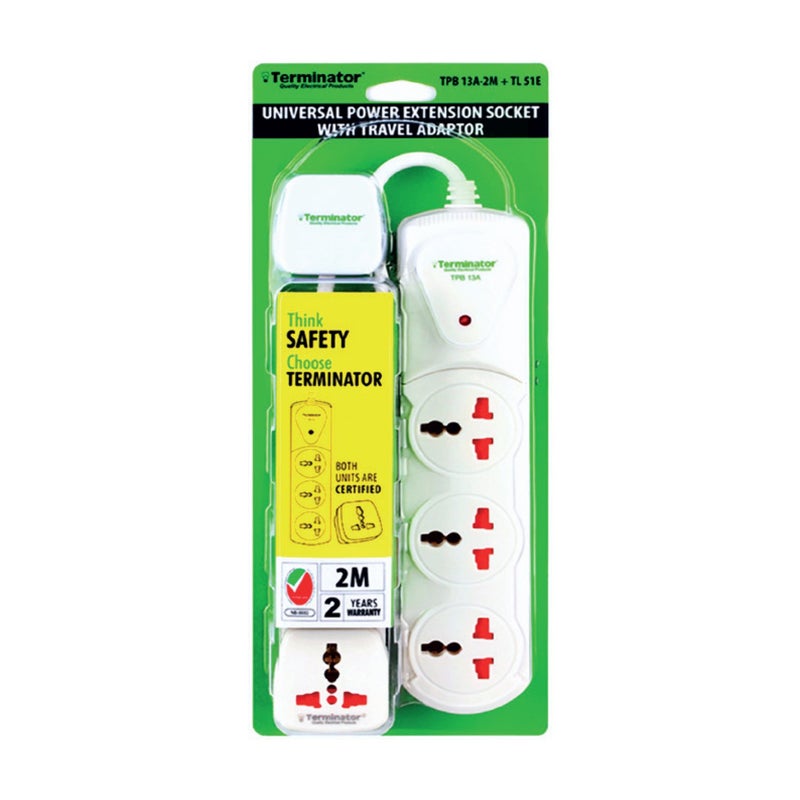 Terminator Universal 3 Way Power Extension Socket with Travel Adaptor, 2M, TPB 13A-2M+TL 51E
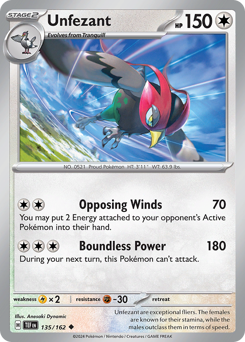 Unfezant, Temporal Forces #135, Pokémon TCG card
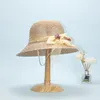 Summer New Women's Sun Hat Lace Bow Floral Ribbon Top Hat Dome Simple Wild Breathable Sunscreen Straw Hat Seaside Beach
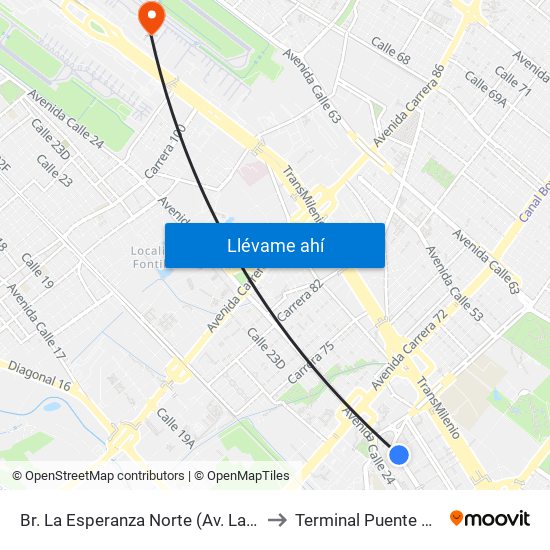 Br. La Esperanza Norte (Av. La Esperanza - Kr 69d) to Terminal Puente Aéreo Bogotá map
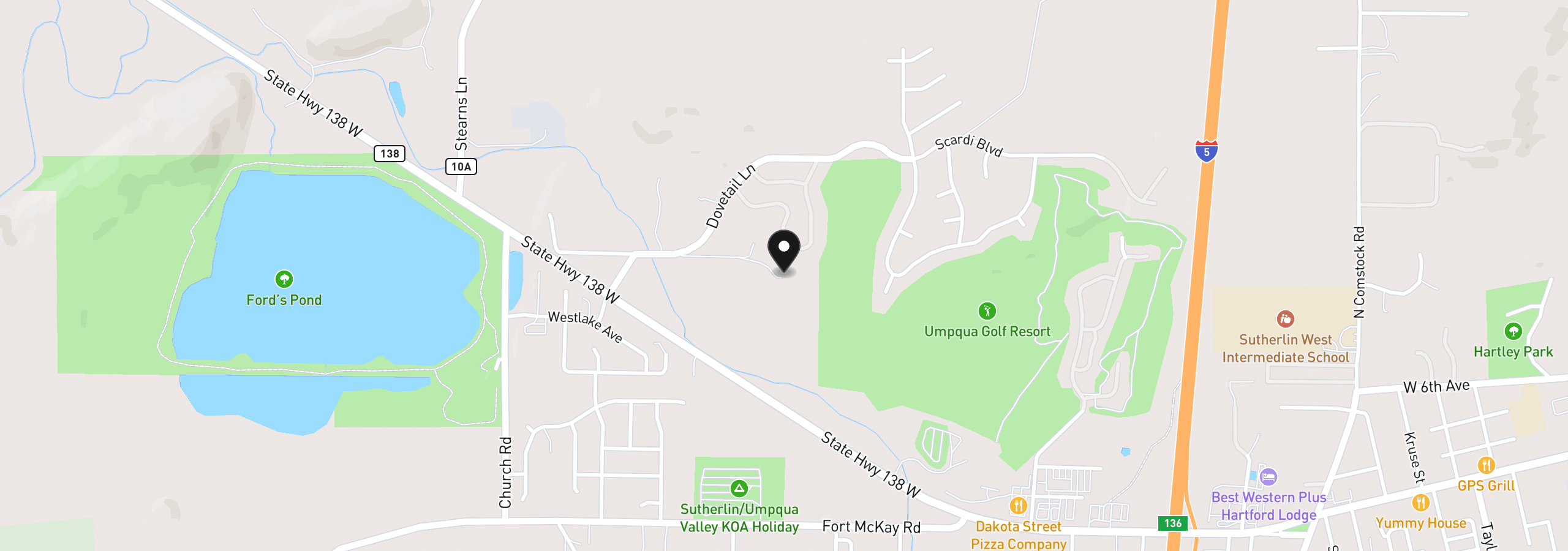 Map showing the location of 910 Swallow Ave, Sutherlin, OR 97479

============================================================

_Work request_. Please reproduce the entries from above exactly; images are not part of the copy.

_Completed exercise_.
 Terminator Universal 3 Way Power Extension Socket with Travel Adaptor, 2M, TPB 13A-2M+TL 51E
 Unfezant, Temporal Forces #135, Pokémon TCG card
 Summer New Women's Sun Hat Lace Bow Floral Ribbon Top Hat Dome Simple Wild Breathable Sunscreen Straw Hat Seaside Beach
 Br. La Esperanza Norte (Av. La Esperanza - Kr 69d) to Terminal Puente Aéreo Bogotá map
 Map showing the location of 910 Swallow Ave, Sutherlin, OR 97479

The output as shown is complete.